The decline in the U.S. labor-force participation rate is one of the economy’s great puzzles. “Our review of the evidence leads us to conclude that labor demand factors, in particular trade and the penetration of robots into the labor market, are the most important drivers,” the University of Maryland’s Katharine Abraham and Melissa Kearney write. Rising participation in disability programs, increases in minimum wage and the rising share of individuals with prison records also contribute. Video games? The jury is still out.

As the labor market tightens, employers are lowering educational requirements for new employees. “Workers with a high school diploma or less were pummeled during and after the Great Recession, but are now much more likely to have a job and to climb up the job-education ladder,” the Conference Board’s Gad Levanon and Frank Steemers say.

Don’t ever forget the supply side of supply and demand.
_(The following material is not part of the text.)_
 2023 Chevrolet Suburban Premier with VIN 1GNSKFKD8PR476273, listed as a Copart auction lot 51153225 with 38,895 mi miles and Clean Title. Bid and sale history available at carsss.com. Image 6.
KFC closed half of its 900 outlets in the U.K. due to a delivery snafu that has caused a chicken shortage, The New York Times reports. The shortage is a major logistical failure for KFC in one of its largest markets. The chain said its new delivery partner DHL was experiencing “a couple of teething problems.”

 

UP NEXT

U.S. jobless claims are out at 8:30 a.m. E.T. on Thursday. Economists expect 230,000, the same as the prior week.

The index of leading economic indicators for January, out at 10 a.m. E.T., is expected to rise 0.7%.

The Kansas City Fed’s manufacturing survey for February at 11 a.m. E.T. is expected to register at 15.0, a notch down from the prior month’s 16.

Fed governor Randal Quarles, the Dallas Fed’s Robert Kaplan, the New York Fed’s William Dudley, and the Atlanta Fed’s Raphael Bostic are scheduled to speak Thursday.

Japan’s core consumer-price index is expected to show a 0.8% rise in January from a year earlier, down from the 0.9% increase seen in December. Release time is 6:30 p.m. E.T.